Amazon’s come out with a very interesting offer—you can buy their WiFi only Kindle for $139, or you can get the ad-supported version for $114. I say interesting offer, because it’s really neither good nor bad. That’s only a $25 price difference, which amounts to just over a dollar a month, presuming that you hang on to your Amazon for two years. With that in mind, the real question is:
“Would you pay $1 a month to have an ad-free Amazon Kindle experience?”
That’s less than a cup of coffee, or, these days, a quarter of a gallon of gas. We’re not talking about a huge savings here.
But still, these are tough times and as much as we profess a hatred for ads, you have to seriously consider whether or not the ads will bother you. For example, if you own an iPhone or iPad—devices which cost hundreds of dollars by their own right—think of how many ad-supported “lite” or “free” apps you’ve bought instead of paying a meager $0.99 for the ad-free version. And think of how happy or unhappy you are with these apps. If you are the type of person who gets the ad-supported version as a trial run and then later upgrades to the paid version once you decide you enjoy the app, then you’re probably better off paying the extra $25 and getting the ad-free Amazon Kindle. Especially since there doesn’t appear to be a kosher aftermarket method for removing the ads.
But if you use ad-supported apps everyday and the unobtrusive ad banners don’t bug you, then by all means, save yourself $25 and get the sponsored version. Because after all, the advertisements aren’t that bad. They only appear in three places:
On the home screen, along the bottom as an advertisement.
In the browsing screen, when you are flipping through your library.
On the screensaver, when the device goes to sleep.
Note that the most notoriously annoying types of ads—the pop ups, the pop unders, the in-text ads, the dialog boxes that chase you as you navigate away from the page—are not present in the sponsored Amazon Kindle. Nor are there any ads when you are actually reading the book. True, your Amazon does become a digital picture frame for advertisements when you’re not using it, but you’ll probably have it put away or in its case at that time.

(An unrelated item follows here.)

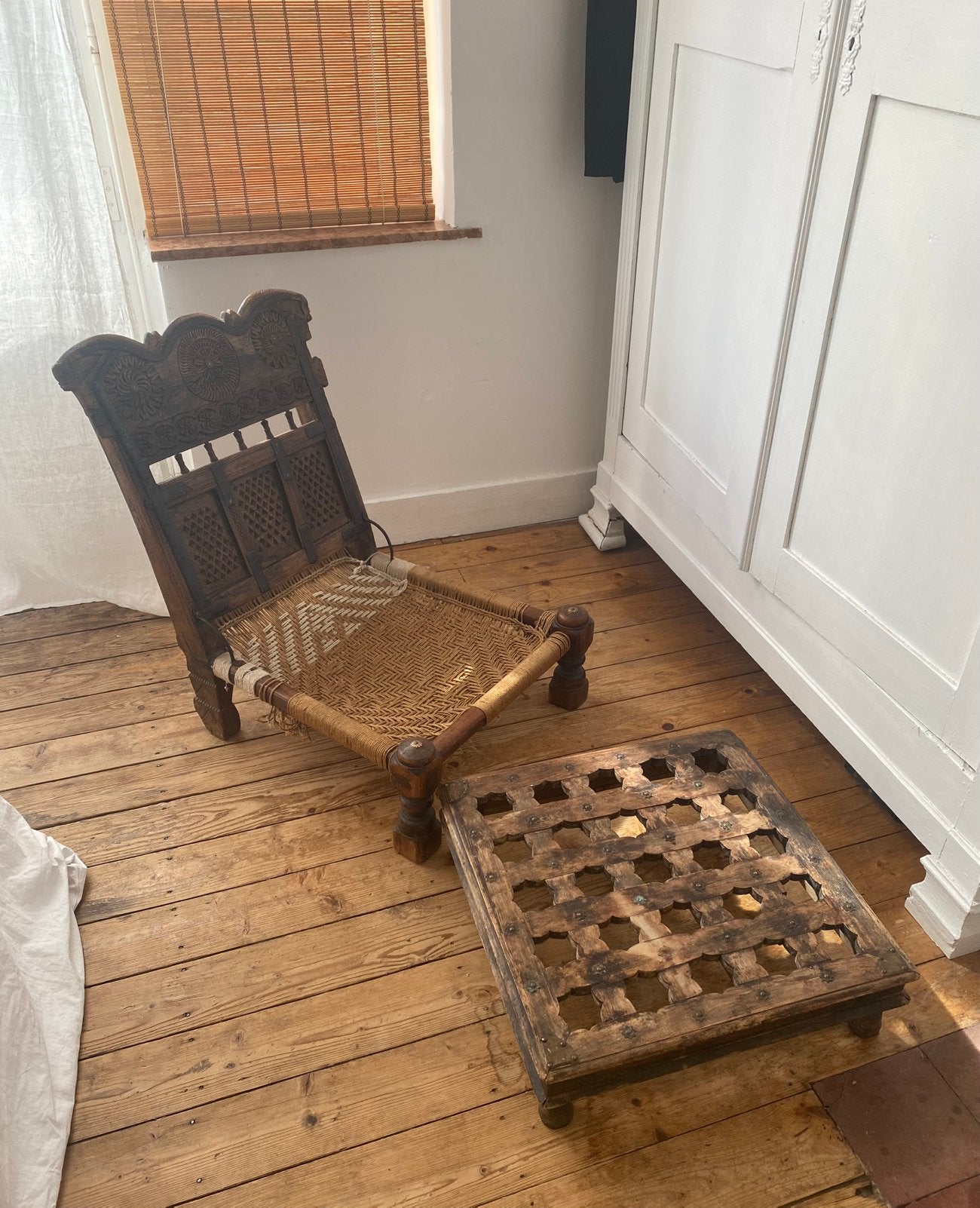 Faire une offre ️ Fauteuil et chaise indienne antique, Enlèvement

And don’t forget—these ads will be highly targeted to Kindle users, meaning you just might find them useful. In a world where everyone is clamoring to give services like LivingSocial and Groupon full access to their inbox, it’s somewhat of a surprise that anyone would be unwilling to give Amazon a direct channel to them for juicy deals. For example, one ad that pops up offers $20 worth of Amazon credit for $10. And given that you already own a Kindle, it’s highly likely that you’ll be buying some eBooks—it’d be crazy not to take them up on this buy one get one free deal.
So, should you buy the sponsored Amazon Kindle? The answer is, yes. But not yet. That price is going to drop—its inevitable. We’ll probably see a $99 sponsored kindle in the near future, and really, given the amount of advertising they can deliver through these bad boys, they should be giving these away for $50. So, if you can wait, then do. But don’t be afraid to buy the sponsored Amazon Kindle at any point.